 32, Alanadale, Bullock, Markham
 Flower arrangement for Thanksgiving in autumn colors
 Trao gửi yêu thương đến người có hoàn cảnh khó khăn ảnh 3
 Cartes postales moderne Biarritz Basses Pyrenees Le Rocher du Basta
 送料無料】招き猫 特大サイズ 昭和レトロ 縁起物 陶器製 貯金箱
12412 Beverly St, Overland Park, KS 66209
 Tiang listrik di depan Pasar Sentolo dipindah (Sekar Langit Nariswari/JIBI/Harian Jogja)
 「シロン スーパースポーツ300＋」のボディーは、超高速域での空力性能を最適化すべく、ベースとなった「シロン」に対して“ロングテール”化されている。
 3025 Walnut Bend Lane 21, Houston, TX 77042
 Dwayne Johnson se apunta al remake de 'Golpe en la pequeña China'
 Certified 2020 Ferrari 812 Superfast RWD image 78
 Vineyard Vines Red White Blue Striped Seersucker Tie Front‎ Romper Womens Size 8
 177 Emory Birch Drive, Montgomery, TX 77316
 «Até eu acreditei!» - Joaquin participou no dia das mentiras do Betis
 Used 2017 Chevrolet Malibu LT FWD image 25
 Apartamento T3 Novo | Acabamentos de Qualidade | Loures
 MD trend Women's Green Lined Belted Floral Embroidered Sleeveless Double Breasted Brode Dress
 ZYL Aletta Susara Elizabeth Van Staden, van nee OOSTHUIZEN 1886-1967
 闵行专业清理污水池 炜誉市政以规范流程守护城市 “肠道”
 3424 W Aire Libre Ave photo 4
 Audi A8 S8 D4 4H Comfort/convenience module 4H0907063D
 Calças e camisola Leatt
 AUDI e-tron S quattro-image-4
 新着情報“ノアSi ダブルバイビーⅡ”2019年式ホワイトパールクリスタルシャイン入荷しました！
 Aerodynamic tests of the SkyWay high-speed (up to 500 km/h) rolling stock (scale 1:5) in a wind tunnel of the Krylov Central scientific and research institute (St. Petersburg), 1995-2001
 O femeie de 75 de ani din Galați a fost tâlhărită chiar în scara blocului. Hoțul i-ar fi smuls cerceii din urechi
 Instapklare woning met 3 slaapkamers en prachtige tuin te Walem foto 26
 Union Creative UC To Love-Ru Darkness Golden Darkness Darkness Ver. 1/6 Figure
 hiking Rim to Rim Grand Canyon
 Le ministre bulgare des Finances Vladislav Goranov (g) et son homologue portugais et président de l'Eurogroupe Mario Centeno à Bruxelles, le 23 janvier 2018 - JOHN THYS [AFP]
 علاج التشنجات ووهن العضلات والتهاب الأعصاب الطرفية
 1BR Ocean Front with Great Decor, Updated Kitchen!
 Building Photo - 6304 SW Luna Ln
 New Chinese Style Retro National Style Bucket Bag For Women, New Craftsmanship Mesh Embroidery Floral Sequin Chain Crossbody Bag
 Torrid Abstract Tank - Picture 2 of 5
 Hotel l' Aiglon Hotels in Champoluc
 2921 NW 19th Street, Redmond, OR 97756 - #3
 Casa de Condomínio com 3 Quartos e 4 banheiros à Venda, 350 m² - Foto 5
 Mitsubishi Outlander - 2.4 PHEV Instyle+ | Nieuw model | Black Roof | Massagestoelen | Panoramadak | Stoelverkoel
----------------
-- ASSIGNED TASK --
Produce a verbatim transcript of the material above.

-- EXPECTED ANSWER --
 32, Alanadale, Bullock, Markham
 Flower arrangement for Thanksgiving in autumn colors
 Trao gửi yêu thương đến người có hoàn cảnh khó khăn ảnh 3
 Cartes postales moderne Biarritz Basses Pyrenees Le Rocher du Basta
 送料無料】招き猫 特大サイズ 昭和レトロ 縁起物 陶器製 貯金箱
12412 Beverly St, Overland Park, KS 66209
 Tiang listrik di depan Pasar Sentolo dipindah (Sekar Langit Nariswari/JIBI/Harian Jogja)
 「シロン スーパースポーツ300＋」のボディーは、超高速域での空力性能を最適化すべく、ベースとなった「シロン」に対して“ロングテール”化されている。
 3025 Walnut Bend Lane 21, Houston, TX 77042
 Dwayne Johnson se apunta al remake de 'Golpe en la pequeña China'
 Certified 2020 Ferrari 812 Superfast RWD image 78
 Vineyard Vines Red White Blue Striped Seersucker Tie Front‎ Romper Womens Size 8
 177 Emory Birch Drive, Montgomery, TX 77316
 «Até eu acreditei!» - Joaquin participou no dia das mentiras do Betis
 Used 2017 Chevrolet Malibu LT FWD image 25
 Apartamento T3 Novo | Acabamentos de Qualidade | Loures
 MD trend Women's Green Lined Belted Floral Embroidered Sleeveless Double Breasted Brode Dress
 ZYL Aletta Susara Elizabeth Van Staden, van nee OOSTHUIZEN 1886-1967
 闵行专业清理污水池 炜誉市政以规范流程守护城市 “肠道”
 3424 W Aire Libre Ave photo 4
 Audi A8 S8 D4 4H Comfort/convenience module 4H0907063D
 Calças e camisola Leatt
 AUDI e-tron S quattro-image-4
 新着情報“ノアSi ダブルバイビーⅡ”2019年式ホワイトパールクリスタルシャイン入荷しました！
 Aerodynamic tests of the SkyWay high-speed (up to 500 km/h) rolling stock (scale 1:5) in a wind tunnel of the Krylov Central scientific and research institute (St. Petersburg), 1995-2001
 O femeie de 75 de ani din Galați a fost tâlhărită chiar în scara blocului. Hoțul i-ar fi smuls cerceii din urechi
 Instapklare woning met 3 slaapkamers en prachtige tuin te Walem foto 26
 Union Creative UC To Love-Ru Darkness Golden Darkness Darkness Ver. 1/6 Figure
 hiking Rim to Rim Grand Canyon
 Le ministre bulgare des Finances Vladislav Goranov (g) et son homologue portugais et président de l'Eurogroupe Mario Centeno à Bruxelles, le 23 janvier 2018 - JOHN THYS [AFP]
 علاج التشنجات ووهن العضلات والتهاب الأعصاب الطرفية
 1BR Ocean Front with Great Decor, Updated Kitchen!
 Building Photo - 6304 SW Luna Ln
 New Chinese Style Retro National Style Bucket Bag For Women, New Craftsmanship Mesh Embroidery Floral Sequin Chain Crossbody Bag
 Torrid Abstract Tank - Picture 2 of 5
 Hotel l' Aiglon Hotels in Champoluc
 2921 NW 19th Street, Redmond, OR 97756 - #3
 Casa de Condomínio com 3 Quartos e 4 banheiros à Venda, 350 m² - Foto 5
 Mitsubishi Outlander - 2.4 PHEV Instyle+ | Nieuw model | Black Roof | Massagestoelen | Panoramadak | Stoelverkoel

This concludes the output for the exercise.